▸ **WORK REQUEST**:
Copying exactly, give the lines in the material below from the one with "Hyatt Lodge Oak" to the one with "Duplex a Estrenar", ends included, and nothing besides.

▸ **SUPPLIED RECORDS**:
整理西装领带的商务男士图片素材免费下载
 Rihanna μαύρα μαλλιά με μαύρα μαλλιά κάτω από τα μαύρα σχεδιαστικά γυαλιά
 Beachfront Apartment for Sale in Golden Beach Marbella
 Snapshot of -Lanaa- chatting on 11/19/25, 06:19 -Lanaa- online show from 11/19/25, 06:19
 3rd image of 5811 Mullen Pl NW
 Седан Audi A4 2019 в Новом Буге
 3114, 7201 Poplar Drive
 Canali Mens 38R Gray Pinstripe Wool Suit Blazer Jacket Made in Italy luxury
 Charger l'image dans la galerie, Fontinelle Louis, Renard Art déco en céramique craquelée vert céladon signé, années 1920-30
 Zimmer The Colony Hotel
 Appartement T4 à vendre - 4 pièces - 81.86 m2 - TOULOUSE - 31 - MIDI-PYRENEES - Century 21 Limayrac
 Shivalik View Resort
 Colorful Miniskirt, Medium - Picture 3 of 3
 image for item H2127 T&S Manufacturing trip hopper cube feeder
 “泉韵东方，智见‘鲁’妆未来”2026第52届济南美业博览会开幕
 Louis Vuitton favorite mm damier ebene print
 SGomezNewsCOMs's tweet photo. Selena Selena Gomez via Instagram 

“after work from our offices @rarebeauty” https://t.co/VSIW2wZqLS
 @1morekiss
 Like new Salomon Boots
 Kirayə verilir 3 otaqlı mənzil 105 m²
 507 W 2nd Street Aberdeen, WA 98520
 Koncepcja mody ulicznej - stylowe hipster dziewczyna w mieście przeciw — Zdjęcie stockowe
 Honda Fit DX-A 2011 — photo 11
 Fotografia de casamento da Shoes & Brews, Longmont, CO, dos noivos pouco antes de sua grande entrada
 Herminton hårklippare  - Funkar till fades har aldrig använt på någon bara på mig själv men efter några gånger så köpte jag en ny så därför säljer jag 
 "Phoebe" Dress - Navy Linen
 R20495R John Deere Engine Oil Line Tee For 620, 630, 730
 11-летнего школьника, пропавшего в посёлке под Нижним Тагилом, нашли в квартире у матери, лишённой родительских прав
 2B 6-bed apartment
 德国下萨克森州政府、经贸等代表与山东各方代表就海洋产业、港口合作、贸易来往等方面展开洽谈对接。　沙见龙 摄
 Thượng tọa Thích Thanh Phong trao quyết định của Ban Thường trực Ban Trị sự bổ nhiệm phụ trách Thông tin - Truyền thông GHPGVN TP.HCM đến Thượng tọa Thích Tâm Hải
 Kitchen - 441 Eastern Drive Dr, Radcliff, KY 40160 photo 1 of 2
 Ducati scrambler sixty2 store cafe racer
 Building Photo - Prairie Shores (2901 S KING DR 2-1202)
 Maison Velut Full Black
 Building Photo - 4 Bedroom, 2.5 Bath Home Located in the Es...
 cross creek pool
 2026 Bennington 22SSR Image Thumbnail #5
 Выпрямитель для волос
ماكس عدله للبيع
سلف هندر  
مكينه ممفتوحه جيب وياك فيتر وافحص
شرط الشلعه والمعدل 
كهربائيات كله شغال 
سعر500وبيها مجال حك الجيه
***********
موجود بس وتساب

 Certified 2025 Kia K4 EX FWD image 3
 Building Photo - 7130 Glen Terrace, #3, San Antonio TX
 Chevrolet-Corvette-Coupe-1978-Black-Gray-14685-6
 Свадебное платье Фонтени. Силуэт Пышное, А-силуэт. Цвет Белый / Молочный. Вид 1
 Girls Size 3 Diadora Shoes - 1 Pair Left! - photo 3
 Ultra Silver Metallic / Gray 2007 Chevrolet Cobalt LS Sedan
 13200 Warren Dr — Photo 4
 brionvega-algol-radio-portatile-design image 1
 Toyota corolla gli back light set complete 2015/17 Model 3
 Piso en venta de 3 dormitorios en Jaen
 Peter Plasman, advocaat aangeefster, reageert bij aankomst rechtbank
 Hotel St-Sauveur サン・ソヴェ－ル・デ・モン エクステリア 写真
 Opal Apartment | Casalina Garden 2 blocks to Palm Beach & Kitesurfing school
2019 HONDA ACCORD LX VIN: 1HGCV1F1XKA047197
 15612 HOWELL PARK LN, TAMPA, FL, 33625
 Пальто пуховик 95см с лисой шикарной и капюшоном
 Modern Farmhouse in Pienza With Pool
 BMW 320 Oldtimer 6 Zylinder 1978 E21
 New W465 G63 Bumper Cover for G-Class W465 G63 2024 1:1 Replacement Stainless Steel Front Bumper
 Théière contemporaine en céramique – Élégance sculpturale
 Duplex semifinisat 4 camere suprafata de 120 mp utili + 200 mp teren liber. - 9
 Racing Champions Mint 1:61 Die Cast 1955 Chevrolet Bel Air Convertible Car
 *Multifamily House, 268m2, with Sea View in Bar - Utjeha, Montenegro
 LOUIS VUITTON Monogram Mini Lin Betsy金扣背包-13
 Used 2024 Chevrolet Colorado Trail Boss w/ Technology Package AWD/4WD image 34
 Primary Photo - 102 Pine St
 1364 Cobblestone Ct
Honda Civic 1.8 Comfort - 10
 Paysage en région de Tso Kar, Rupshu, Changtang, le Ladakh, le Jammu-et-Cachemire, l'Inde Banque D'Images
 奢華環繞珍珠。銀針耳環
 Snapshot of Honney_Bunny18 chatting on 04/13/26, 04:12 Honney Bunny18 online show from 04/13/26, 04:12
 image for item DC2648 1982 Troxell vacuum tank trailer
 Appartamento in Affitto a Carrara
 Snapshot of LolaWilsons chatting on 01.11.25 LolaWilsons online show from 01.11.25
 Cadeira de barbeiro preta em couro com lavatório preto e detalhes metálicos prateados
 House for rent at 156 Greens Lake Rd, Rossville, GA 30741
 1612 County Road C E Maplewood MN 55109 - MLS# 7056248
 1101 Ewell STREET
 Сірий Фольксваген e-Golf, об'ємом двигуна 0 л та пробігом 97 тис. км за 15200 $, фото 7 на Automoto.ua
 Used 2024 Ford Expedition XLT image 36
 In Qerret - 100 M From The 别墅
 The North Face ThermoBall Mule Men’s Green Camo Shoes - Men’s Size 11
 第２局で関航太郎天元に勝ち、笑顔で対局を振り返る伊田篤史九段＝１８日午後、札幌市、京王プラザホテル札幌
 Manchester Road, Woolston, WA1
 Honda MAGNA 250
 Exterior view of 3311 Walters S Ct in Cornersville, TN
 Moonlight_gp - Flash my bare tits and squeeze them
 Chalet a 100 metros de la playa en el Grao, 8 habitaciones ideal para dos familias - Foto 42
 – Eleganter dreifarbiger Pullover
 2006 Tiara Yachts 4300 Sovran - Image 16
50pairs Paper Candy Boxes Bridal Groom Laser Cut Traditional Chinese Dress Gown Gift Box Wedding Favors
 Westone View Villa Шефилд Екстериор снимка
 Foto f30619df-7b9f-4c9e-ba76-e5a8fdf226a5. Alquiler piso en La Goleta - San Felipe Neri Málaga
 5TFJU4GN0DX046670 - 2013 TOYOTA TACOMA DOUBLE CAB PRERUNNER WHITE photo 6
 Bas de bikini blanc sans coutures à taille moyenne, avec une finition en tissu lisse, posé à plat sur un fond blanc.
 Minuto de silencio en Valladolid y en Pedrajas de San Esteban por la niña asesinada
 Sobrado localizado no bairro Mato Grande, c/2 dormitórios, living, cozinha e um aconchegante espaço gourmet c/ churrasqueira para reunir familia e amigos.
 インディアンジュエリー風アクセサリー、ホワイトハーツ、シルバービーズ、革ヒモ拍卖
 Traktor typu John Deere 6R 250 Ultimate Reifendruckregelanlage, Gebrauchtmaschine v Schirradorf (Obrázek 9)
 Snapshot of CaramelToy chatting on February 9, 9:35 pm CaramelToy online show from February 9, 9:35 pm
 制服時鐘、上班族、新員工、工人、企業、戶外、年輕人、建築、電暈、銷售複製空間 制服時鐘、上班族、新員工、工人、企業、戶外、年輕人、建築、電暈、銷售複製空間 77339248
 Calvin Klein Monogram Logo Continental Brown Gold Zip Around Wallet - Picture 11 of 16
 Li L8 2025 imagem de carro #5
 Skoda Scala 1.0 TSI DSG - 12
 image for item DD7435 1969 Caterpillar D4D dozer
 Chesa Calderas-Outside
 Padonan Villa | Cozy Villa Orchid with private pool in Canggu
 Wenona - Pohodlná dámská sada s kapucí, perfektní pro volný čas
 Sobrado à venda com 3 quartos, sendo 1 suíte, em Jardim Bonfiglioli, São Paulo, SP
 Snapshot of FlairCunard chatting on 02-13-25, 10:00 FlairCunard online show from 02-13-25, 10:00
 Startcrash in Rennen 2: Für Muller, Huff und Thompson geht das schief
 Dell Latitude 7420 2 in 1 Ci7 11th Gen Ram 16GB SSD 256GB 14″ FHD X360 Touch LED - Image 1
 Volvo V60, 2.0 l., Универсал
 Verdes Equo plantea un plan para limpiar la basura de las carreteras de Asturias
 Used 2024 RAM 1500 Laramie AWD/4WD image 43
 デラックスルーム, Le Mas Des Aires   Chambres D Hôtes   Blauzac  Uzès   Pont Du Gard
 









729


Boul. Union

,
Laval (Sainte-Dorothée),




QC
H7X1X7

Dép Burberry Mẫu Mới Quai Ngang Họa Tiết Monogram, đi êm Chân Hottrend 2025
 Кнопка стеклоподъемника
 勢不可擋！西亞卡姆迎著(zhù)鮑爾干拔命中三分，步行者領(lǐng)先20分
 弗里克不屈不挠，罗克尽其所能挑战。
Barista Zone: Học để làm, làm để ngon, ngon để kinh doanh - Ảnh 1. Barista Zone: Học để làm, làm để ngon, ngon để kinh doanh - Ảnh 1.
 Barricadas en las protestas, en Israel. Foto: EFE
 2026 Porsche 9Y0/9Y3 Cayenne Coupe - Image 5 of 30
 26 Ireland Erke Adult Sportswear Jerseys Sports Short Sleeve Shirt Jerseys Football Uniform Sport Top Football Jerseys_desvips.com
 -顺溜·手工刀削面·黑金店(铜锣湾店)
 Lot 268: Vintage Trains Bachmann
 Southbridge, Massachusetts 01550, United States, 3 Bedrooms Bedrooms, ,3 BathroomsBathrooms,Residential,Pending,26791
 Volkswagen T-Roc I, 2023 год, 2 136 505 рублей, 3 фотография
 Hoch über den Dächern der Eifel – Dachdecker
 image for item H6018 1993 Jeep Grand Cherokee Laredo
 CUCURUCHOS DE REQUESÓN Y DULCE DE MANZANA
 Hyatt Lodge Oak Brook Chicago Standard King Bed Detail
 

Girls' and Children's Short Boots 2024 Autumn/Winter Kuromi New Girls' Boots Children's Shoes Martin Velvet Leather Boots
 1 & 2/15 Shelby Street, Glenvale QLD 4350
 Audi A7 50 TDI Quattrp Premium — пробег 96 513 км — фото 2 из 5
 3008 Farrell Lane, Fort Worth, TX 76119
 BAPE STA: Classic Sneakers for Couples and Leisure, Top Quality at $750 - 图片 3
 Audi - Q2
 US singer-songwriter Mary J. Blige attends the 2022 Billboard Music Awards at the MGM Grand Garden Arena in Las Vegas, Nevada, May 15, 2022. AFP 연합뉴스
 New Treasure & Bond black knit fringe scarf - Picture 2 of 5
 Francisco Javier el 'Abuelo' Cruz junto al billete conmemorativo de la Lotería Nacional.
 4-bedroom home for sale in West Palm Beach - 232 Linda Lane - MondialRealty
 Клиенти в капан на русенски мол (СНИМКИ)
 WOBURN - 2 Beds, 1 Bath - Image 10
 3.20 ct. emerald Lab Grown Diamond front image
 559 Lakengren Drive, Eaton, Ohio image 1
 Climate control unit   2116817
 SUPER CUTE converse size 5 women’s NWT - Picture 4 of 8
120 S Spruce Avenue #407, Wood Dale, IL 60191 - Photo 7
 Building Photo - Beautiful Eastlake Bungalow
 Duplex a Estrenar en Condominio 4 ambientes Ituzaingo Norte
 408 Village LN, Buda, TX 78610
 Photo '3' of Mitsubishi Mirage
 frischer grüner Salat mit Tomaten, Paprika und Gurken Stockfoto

▸ **EXPECTED ANSWER**:
 Hyatt Lodge Oak Brook Chicago Standard King Bed Detail
 

Girls' and Children's Short Boots 2024 Autumn/Winter Kuromi New Girls' Boots Children's Shoes Martin Velvet Leather Boots
 1 & 2/15 Shelby Street, Glenvale QLD 4350
 Audi A7 50 TDI Quattrp Premium — пробег 96 513 км — фото 2 из 5
 3008 Farrell Lane, Fort Worth, TX 76119
 BAPE STA: Classic Sneakers for Couples and Leisure, Top Quality at $750 - 图片 3
 Audi - Q2
 US singer-songwriter Mary J. Blige attends the 2022 Billboard Music Awards at the MGM Grand Garden Arena in Las Vegas, Nevada, May 15, 2022. AFP 연합뉴스
 New Treasure & Bond black knit fringe scarf - Picture 2 of 5
 Francisco Javier el 'Abuelo' Cruz junto al billete conmemorativo de la Lotería Nacional.
 4-bedroom home for sale in West Palm Beach - 232 Linda Lane - MondialRealty
 Клиенти в капан на русенски мол (СНИМКИ)
 WOBURN - 2 Beds, 1 Bath - Image 10
 3.20 ct. emerald Lab Grown Diamond front image
 559 Lakengren Drive, Eaton, Ohio image 1
 Climate control unit   2116817
 SUPER CUTE converse size 5 women’s NWT - Picture 4 of 8
120 S Spruce Avenue #407, Wood Dale, IL 60191 - Photo 7
 Building Photo - Beautiful Eastlake Bungalow
 Duplex a Estrenar en Condominio 4 ambientes Ituzaingo Norte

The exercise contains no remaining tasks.